On her second day in New York, she got a ticket for drinking in public. She’d been on foot, exploring the southern tip of Manhattan island. She’d bought a can of beer from a corner shop and sat in the park to drink it. In Grigovia, she thought to herself, adults are allowed to make adult decisions. In front of her stood a pair of police-officers. Tall female, shorter male.
“Why am I being punished?” she asked them, her olive complexion turning slightly darker.
The cops shared a knowing glance, shook their heads slowly, and smiled. The taller officer showed her partner the ticket. He nodded, smiling, his hands resting on his thickly-studded weapons belt.
“The public consumption of alcohol is forbidden in New York City.”

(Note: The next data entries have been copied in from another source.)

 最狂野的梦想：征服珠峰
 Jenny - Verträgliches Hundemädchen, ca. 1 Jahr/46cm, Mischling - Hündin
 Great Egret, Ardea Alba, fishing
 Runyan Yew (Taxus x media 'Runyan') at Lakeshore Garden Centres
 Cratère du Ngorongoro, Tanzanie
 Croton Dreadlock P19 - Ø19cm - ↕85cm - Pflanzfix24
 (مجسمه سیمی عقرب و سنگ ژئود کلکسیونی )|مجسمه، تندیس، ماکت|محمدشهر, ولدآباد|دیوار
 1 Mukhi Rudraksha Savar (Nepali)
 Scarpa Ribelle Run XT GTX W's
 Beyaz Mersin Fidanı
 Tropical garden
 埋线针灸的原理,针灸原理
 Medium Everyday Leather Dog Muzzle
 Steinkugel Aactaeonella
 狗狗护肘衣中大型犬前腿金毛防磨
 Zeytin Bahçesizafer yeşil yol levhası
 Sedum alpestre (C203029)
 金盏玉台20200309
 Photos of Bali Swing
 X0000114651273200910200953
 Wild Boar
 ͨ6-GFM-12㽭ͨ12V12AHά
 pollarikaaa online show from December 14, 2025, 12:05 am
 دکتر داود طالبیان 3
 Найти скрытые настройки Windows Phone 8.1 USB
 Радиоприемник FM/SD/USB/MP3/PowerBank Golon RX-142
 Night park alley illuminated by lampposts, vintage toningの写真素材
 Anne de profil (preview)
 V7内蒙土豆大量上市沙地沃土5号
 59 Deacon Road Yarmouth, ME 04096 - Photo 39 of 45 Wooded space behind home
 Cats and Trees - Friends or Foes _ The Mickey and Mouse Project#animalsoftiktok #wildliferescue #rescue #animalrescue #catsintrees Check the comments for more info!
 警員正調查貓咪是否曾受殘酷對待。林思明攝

Erya Rovend looked over at the sidewalk seating area of a nearby cafe. At a few of the tables, people were drinking what, to her, clearly appeared to be alcohol. Bottles of wine. Glasses of beer.
“Next time, maybe put it in a plastic cup,” said the woman as she tore a paper slip from her notepad and handed it to Erya. She took out her leather passport holder and slipped the ticket into it.
“You stay out of trouble now,” the man-cop said.
He and his partner sauntered away into the park.
Walking over a bridge later that same afternoon, the former Grigovian ambassador to the United Nations noticed a couple of young men scaling a chainlink fence nearby, dropping down onto the train tracks below, and rushing quickly out of sight. The way the men were dressed - their hooded sweatshirts and paint-stained backpacks - reminded her of friends back in Grig who did graffiti. She scaled the same fence as they had, dropped down also, and walked confidently into the gloom ahead. Soon enough, she could hear the familiar rattling of cans, the soft whooshing of paint being propelled out of steel cylinders. Pausing to look around at the walls of the tunnel, she found them to be covered in a riot of designs and shapes, words and figures blasted onto the surrounding concrete by countless former vandals.
“Now this is good stuff,” she said aloud, whistling quietly, in appreciation.
“You hear something?” one of the nearby artists hissed.
“No need to worry, friends,” Erya started to say as she turned to face their general direction, stepping accidentally onto a piece of broken wood that spun away to break a discarded liquor bottle.
There followed a flurry of zipping and cursing. The sound of people running. Then, silence.
Climbing over the train that had separated them, Era Rovend discovered that the men had vanished, their good graffiti work unfinished. An unfinished piece glistened in the faint light coming from the tunnel’s mouth. To her it looked like a group of citizens standing their ground against a phalanx of riot police. Under it was written in black and glaring letters the following statement:
Man The Barricades; Black Lives Matter.